** GIVEN RECORDS follows **
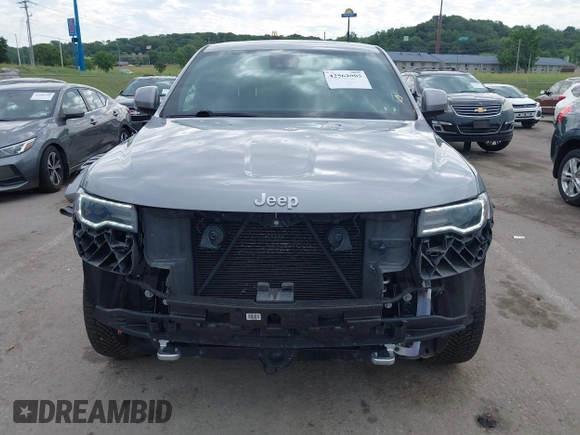 2018 Jeep Grand Cherokee Limited with VIN 1C4RJFBG7JC266715, listed as a IAAI auction lot 42562005 with 101,999 mi miles and . Bid and sale history available at DreamBid. Image 13.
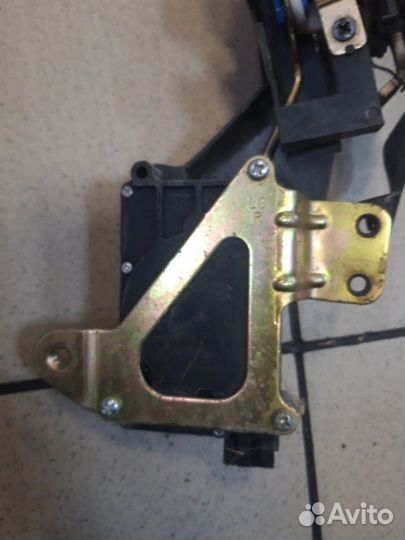 Замок дверной передний правый Hyundai Accent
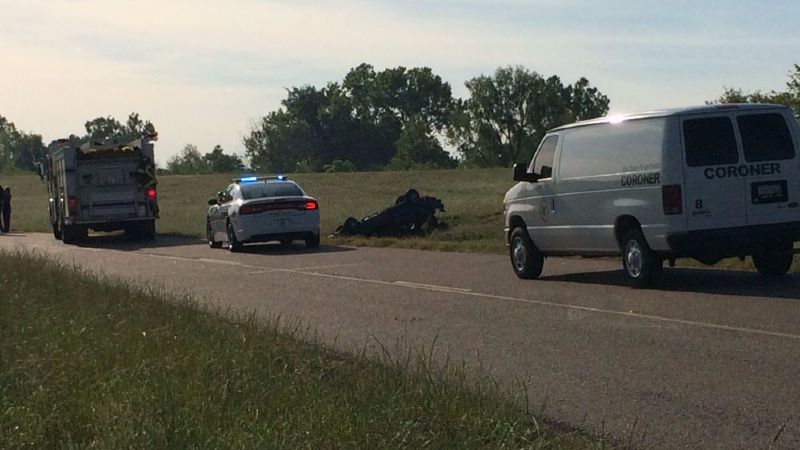 Police: one dead in River Road crash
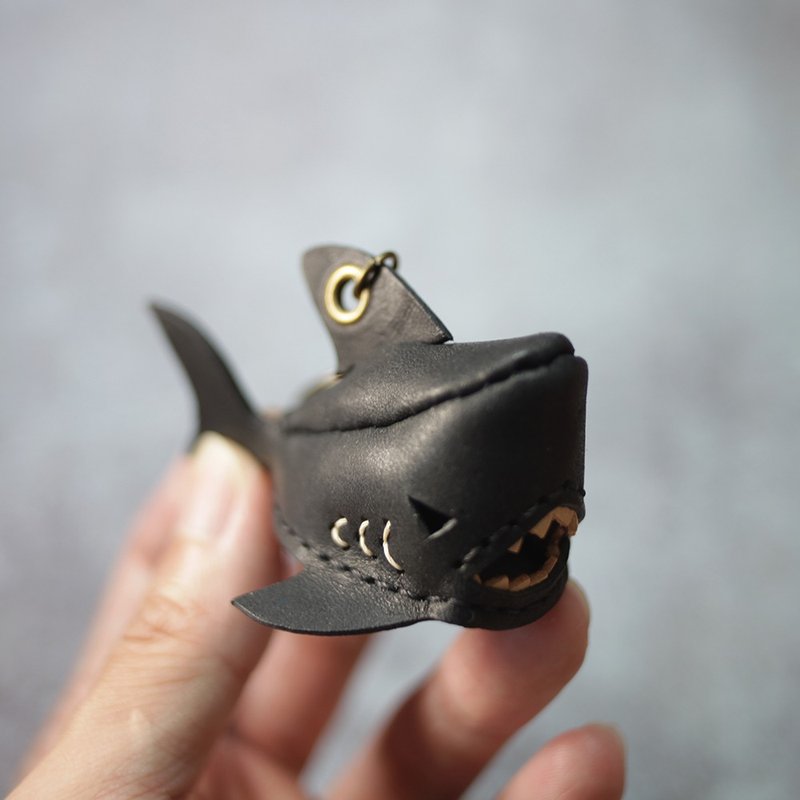 ONE+ Bruce shark Key holder - ที่ห้อยกุญแจ - หนังแท้ สีดำ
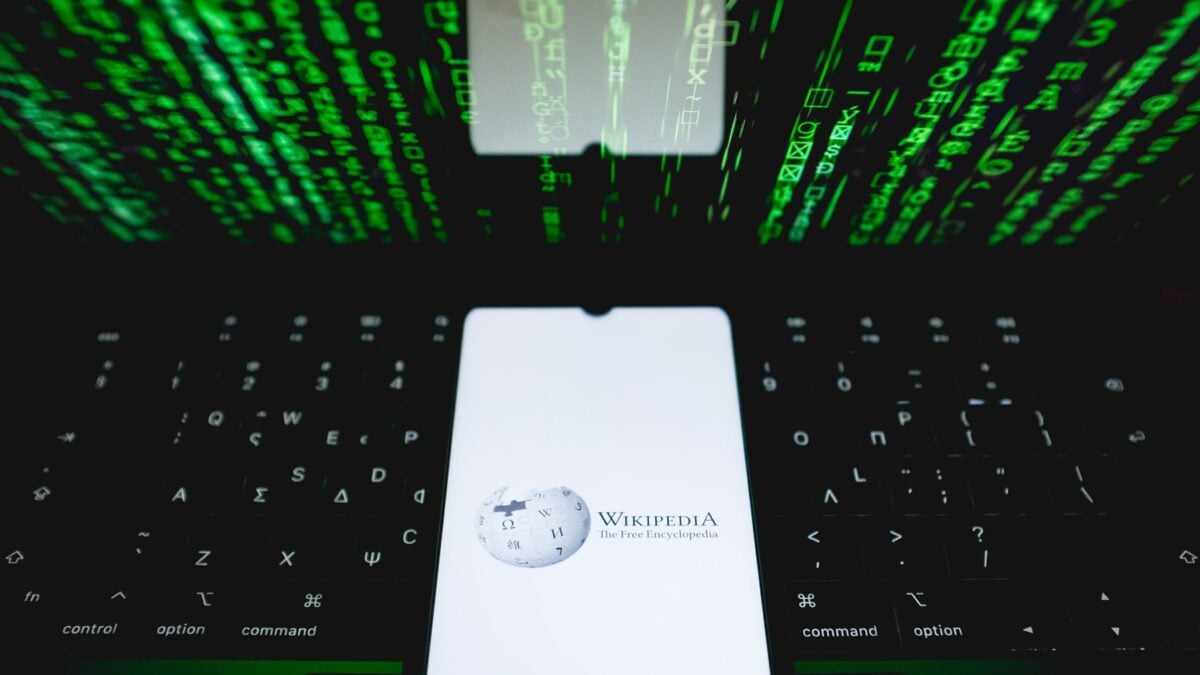 Wikipedia AI Experiment Halted After Fierce Editor Backlash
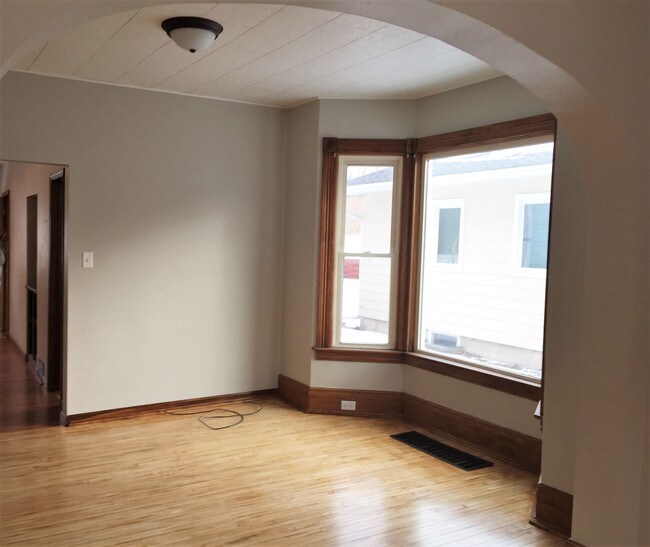 Foto del edificio - 624 Central Ave N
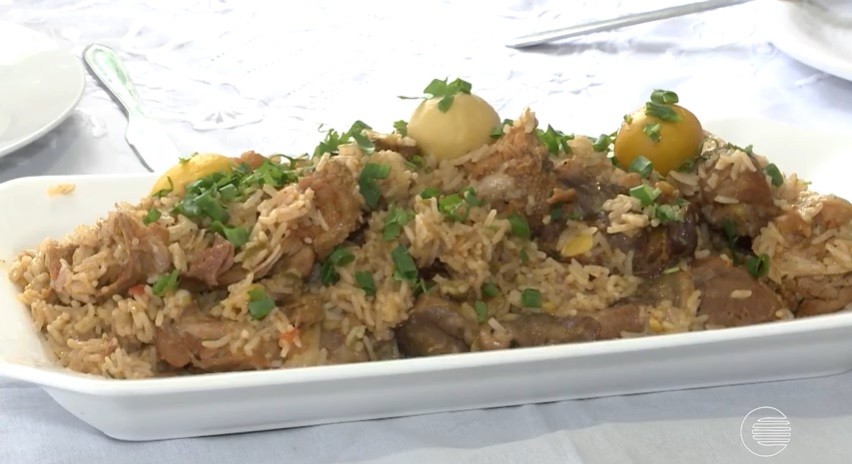 Aprenda a preparar uma receita de arroz de capote e pequi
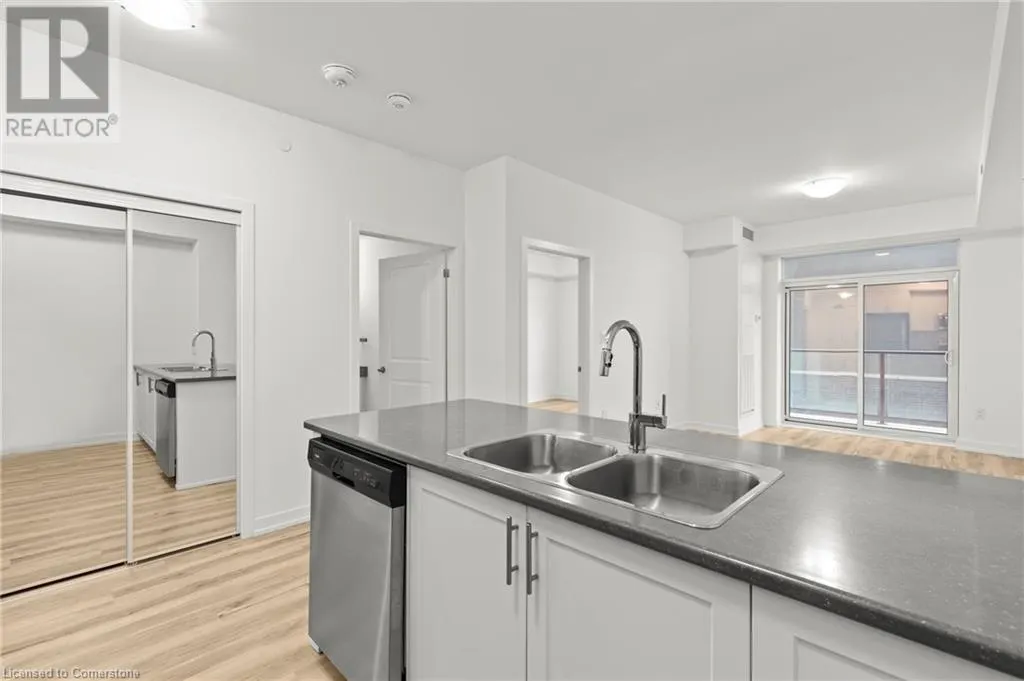 450 DUNDAS Street E Unit# 219, #219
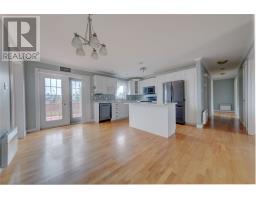21 St. Marks Avenue thumbnail 6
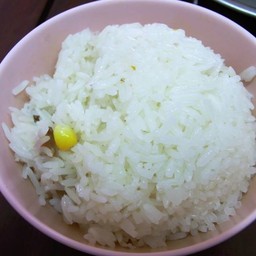 ข้าวมันเพิ่มคุณค่าด้วย แครอทและข้าวโพด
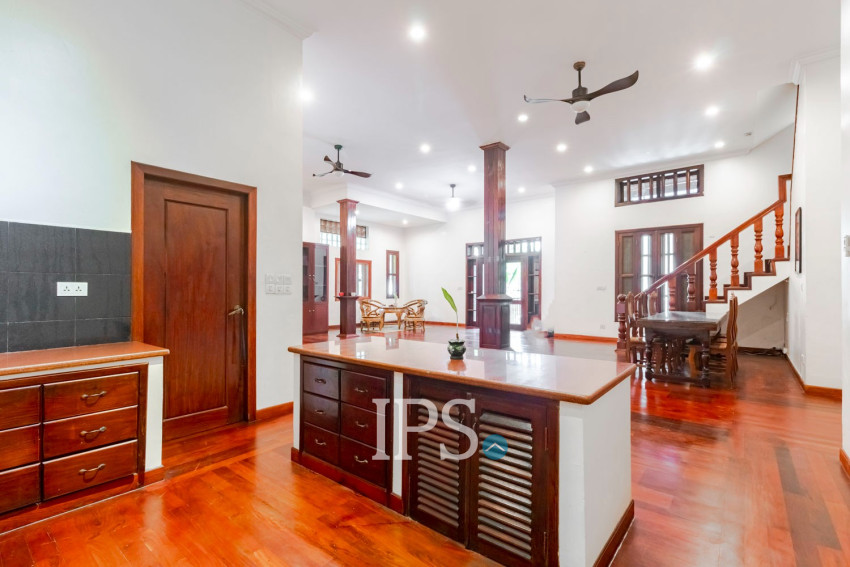 7 Bedroom Compound Villa For Rent - Sala Kamreuk, Siem Reap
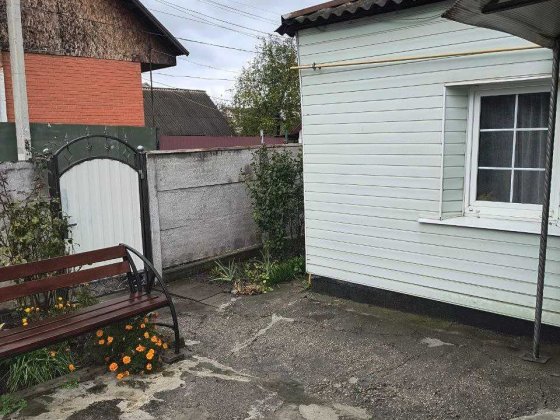 Продам дуже охайну частину будинку . Белая Церковь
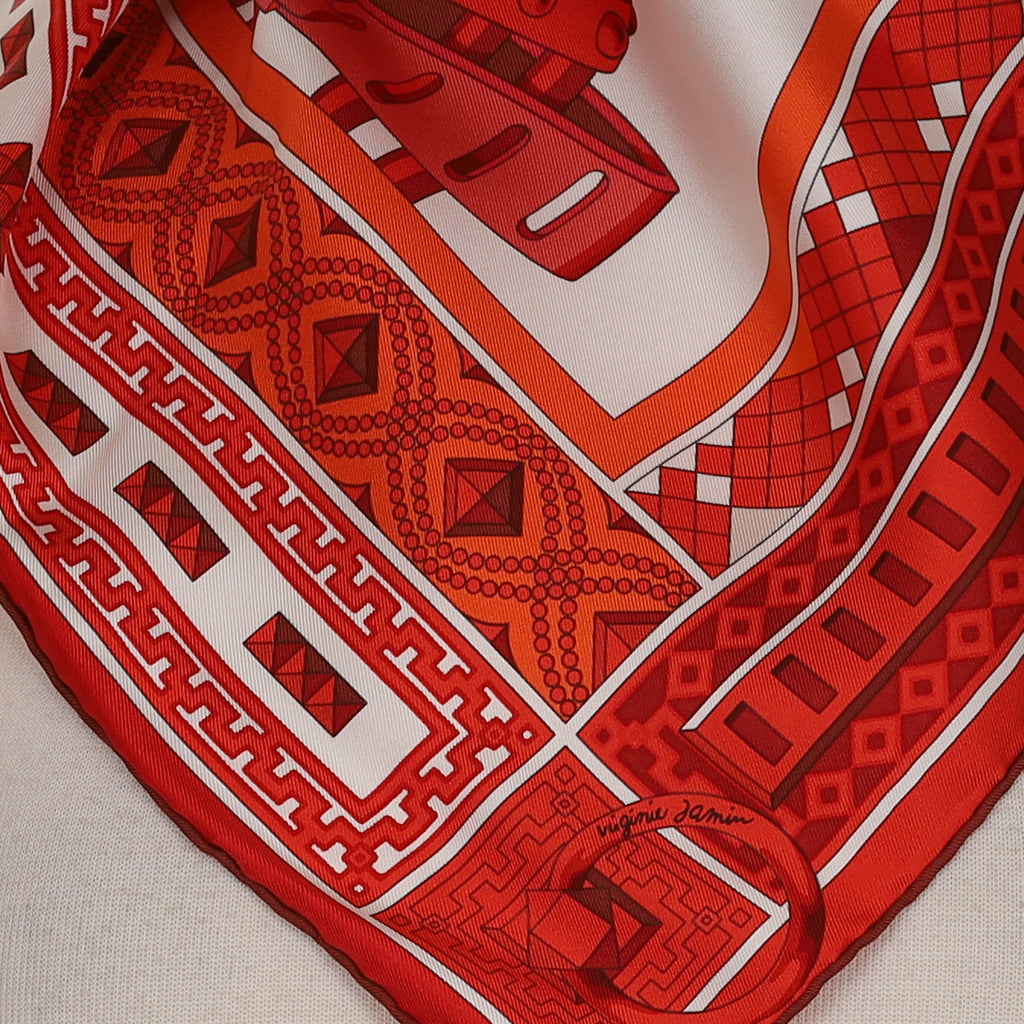 Brand New Boxed Hermès Colliers de Chiens Silk Scarf Quite Rare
** End of GIVEN RECORDS **
### DESCRIPTION OF THE TASK:
Retype word for word all the material given above, and keep the pictures out.

### ANSWER TO THIS EXERCISE:
 2018 Jeep Grand Cherokee Limited with VIN 1C4RJFBG7JC266715, listed as a IAAI auction lot 42562005 with 101,999 mi miles and . Bid and sale history available at DreamBid. Image 13.
 Замок дверной передний правый Hyundai Accent
 Police: one dead in River Road crash
 ONE+ Bruce shark Key holder - ที่ห้อยกุญแจ - หนังแท้ สีดำ
 Wikipedia AI Experiment Halted After Fierce Editor Backlash
 Foto del edificio - 624 Central Ave N
 Aprenda a preparar uma receita de arroz de capote e pequi
 450 DUNDAS Street E Unit# 219, #219
21 St. Marks Avenue thumbnail 6
 ข้าวมันเพิ่มคุณค่าด้วย แครอทและข้าวโพด
 7 Bedroom Compound Villa For Rent - Sala Kamreuk, Siem Reap
 Продам дуже охайну частину будинку . Белая Церковь
 Brand New Boxed Hermès Colliers de Chiens Silk Scarf Quite Rare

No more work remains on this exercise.